I have X number of data objects with up to about min 45,000, max 50,000 possible values associated with each object. I know… Don’t ask (couldn’t tell you anyways). Now to be able to do this in MySQL is… well… possible… but absurd. I’m thinking of trying out the approach I’ve mused about here. It could possibly be a really great way to manage finding commonalities across tens of thousands of objects with a total of hundreds of millions of values. Or it could be a massive time sink.
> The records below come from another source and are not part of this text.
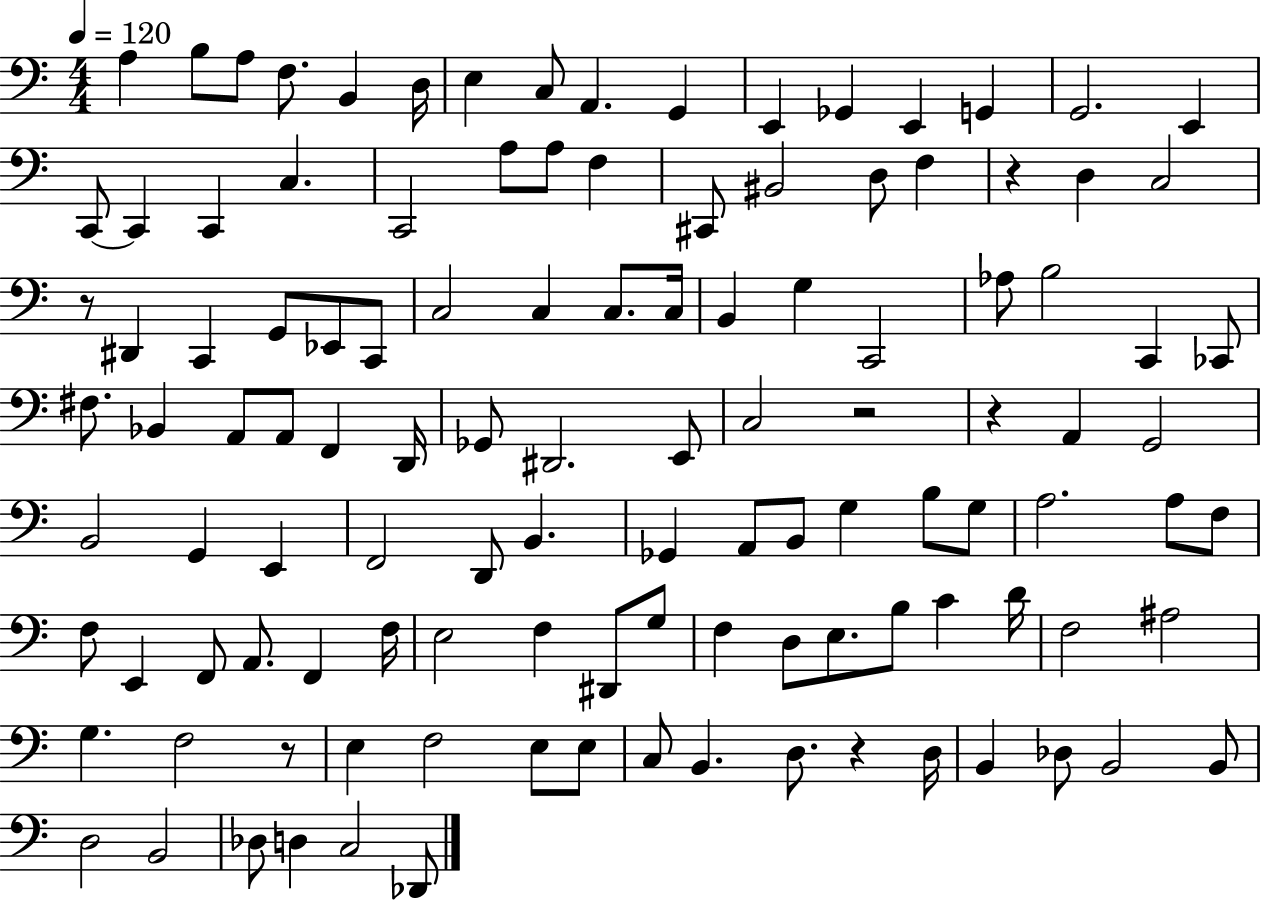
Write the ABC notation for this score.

X:1
T:Untitled
M:4/4
L:1/4
K:C
A, B,/2 A,/2 F,/2 B,, D,/4 E, C,/2 A,, G,, E,, _G,, E,, G,, G,,2 E,, C,,/2 C,, C,, C, C,,2 A,/2 A,/2 F, ^C,,/2 ^B,,2 D,/2 F, z D, C,2 z/2 ^D,, C,, G,,/2 _E,,/2 C,,/2 C,2 C, C,/2 C,/4 B,, G, C,,2 _A,/2 B,2 C,, _C,,/2 ^F,/2 _B,, A,,/2 A,,/2 F,, D,,/4 _G,,/2 ^D,,2 E,,/2 C,2 z2 z A,, G,,2 B,,2 G,, E,, F,,2 D,,/2 B,, _G,, A,,/2 B,,/2 G, B,/2 G,/2 A,2 A,/2 F,/2 F,/2 E,, F,,/2 A,,/2 F,, F,/4 E,2 F, ^D,,/2 G,/2 F, D,/2 E,/2 B,/2 C D/4 F,2 ^A,2 G, F,2 z/2 E, F,2 E,/2 E,/2 C,/2 B,, D,/2 z D,/4 B,, _D,/2 B,,2 B,,/2 D,2 B,,2 _D,/2 D, C,2 _D,,/2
It would also put some of the things that Amazon has said about their S3 service to the test 🙂 I doubt anyone’s really stored a hundred million objects in an S3 bucket and been concerned enough with seek time to be critical about it 🙂
Or am I missing some magic bullet here. Is there a (free) DBMS I’m not thinking of which handles 50,000 columns in a table with a fast comparitive lookup? (select pk from table where v42000 = (select v42000 from table where pk = referencePk))… I’d love for someone to pop in and say “HEY, STUPID, DB XXX CAN DO THAT!” 🙂 assuming DB XXX isnt expensive 🙂
Hmm… Off to ponder…
Can you just save a serialized version of the object in a blob field with the key?
If you need to be able to sometimes query on these 50,000 attributes, serialize it as XML and then try postgres+XML extensions (http://www.throwingbeans.org/postgresql_and_xml_updated.html) and let me know if it works….